Article repost from NBC News
If you like shooting stars, you’re in luck. The annual Lyrid meteor shower got going this year on Monday, April 16 and is expected to peak in the early morning on Sunday, April 22.
This long-exposure photograph taken on April 23, 2015 on Earth Day shows Lyrids meteors shower passing near the Milky Way in the clear night sky of Thanlyin, nearly 14 miles away from Yangon.Ye Aung Thu / AFP – Getty Images file
“Take in as much sky as you can,” Bill Cooke, a meteor expert at NASA’s Marshall Space Flight Center in Huntsville, Alabama, told NBC News MACH in an email.

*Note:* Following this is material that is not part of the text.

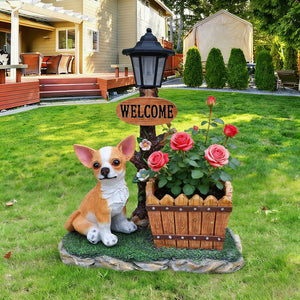 English Elm Sitting Corgi Resin Planter Sculpture Whimsical Porch Garden Decor with Succulent Cavity W5398P464244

Like all meteor showers, the Lyrids are caused by fast-moving bits of space debris that create bright streaks when they collide with Earth’s atmosphere and burn up. In this case, the debris comes from a comet known as C/1861 G1 Thatcher (Comet Thatcher for short) as it orbits the sun.
The Lyrids aren’t as spectacular as the Perseids, which return each August. But with the first recorded sighting of the Lyrids going all the way back to 687 B.C., they’re the oldest known meteor shower.
Skywatchers should expect an average display this time, Cooke said. Though the Lyrids have been known to produce up to 90 meteors per hour, this year most people should expect to see about 10 per hour.